Cedric Boeckx gave a remarkable plenary which tried to pull together the fields of cultural language evolution and biolinguistics, with surprising concessions on either side. Boeckx started from a relatively uncontroversial part of Chomsky’s claim: That aspects of language can be studied scientifically as part of biology. However, Boeckx noted that Luria in 1976 was confident that ‘within a few years’ linguists would be interfacing with and contributing to findings from biology. However, formal syntax has failed to carry out the biological commitment, and Boeckx wonders why linguists don’t have more to say about, for instance, the recent developments in the study of FOXP2.
Boeckx outlined his own position as minimalist, in the sense that a fully specified UG is not plausible. We need to realise that biology is complex, and move beyond the classical model of Broca and Wernicke’s area as dedicated centers of language. Also, Boeckx urged the audience to forget about the FLN/FLB distinction, since from a biological viewpoint this view is misleading: Genes build neural structures, not behaviour (although linguists should note the richness of the range of aspects now thought to be part of FLB).
Instead, Boeckx suggests that the subject of study should be a set of formal properties. Boeckx suggested the following, while emphasising that the particular terms were not important and it is just the concepts that he would focus on:
- An edge property: This removes selectional restrictions on concepts in different domains and makes it possible to combine them. For example, humans can pull together concepts from very different domains. Also, lexical items have the property of being able to combine with other lexical items.

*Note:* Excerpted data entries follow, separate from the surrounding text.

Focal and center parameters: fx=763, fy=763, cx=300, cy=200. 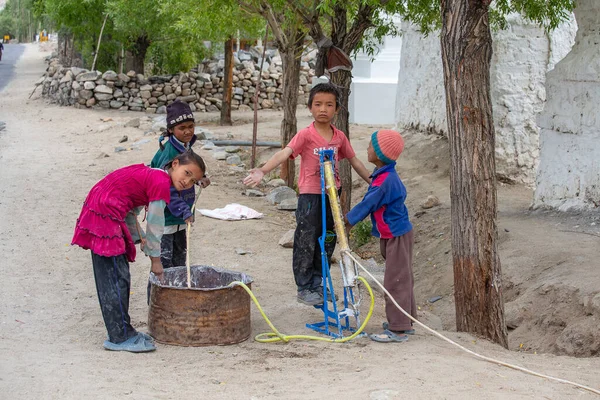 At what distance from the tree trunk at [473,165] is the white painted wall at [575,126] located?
3.34m

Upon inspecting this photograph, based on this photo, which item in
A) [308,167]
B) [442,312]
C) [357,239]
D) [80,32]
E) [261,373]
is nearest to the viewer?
[261,373]

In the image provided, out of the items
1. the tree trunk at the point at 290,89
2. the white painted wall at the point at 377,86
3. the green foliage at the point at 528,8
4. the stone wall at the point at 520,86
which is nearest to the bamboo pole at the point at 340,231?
the green foliage at the point at 528,8

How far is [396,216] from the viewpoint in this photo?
16.9ft

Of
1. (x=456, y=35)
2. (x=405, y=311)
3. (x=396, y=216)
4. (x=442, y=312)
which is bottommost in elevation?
(x=442, y=312)

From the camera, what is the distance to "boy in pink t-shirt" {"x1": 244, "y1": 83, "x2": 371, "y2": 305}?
546cm

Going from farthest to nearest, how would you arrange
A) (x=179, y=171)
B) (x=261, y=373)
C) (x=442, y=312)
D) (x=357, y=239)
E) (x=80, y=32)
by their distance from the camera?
1. (x=80, y=32)
2. (x=357, y=239)
3. (x=442, y=312)
4. (x=179, y=171)
5. (x=261, y=373)

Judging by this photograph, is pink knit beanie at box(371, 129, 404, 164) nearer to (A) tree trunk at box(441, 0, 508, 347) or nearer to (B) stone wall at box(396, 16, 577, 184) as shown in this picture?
(A) tree trunk at box(441, 0, 508, 347)

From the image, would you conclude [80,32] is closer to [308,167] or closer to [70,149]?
[70,149]

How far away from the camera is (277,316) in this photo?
A: 5.77 meters

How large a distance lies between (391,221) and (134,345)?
1.86 m

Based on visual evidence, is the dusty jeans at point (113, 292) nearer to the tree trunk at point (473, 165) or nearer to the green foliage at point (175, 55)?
the tree trunk at point (473, 165)

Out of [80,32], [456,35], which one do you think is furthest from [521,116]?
[80,32]

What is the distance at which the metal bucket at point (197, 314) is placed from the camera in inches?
192

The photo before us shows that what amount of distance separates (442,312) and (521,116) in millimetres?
5031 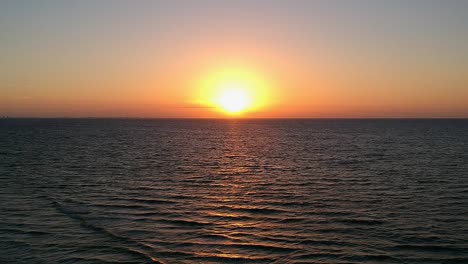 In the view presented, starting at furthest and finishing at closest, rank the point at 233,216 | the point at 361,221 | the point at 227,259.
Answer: the point at 233,216, the point at 361,221, the point at 227,259

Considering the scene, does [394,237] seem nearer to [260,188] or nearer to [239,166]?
[260,188]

- Set formation or Merge: The ability to combine lexical items.
- Cyclic transfer: Elements are combined at different levels before being passed to other operations. This allows recursion.
These specify a minimal specification of universal grammar for which might realistically find biological explanations. Boeckx sees no problem with the idea that we share some of these abilities with animals. An even bigger concession is that he believes that the particular structures of language (e.g. word order or pro-drop) can be explained by cultural evolution i.e. grammaticalism. The minimal specifications are weak biases, but we need a cultural explanation.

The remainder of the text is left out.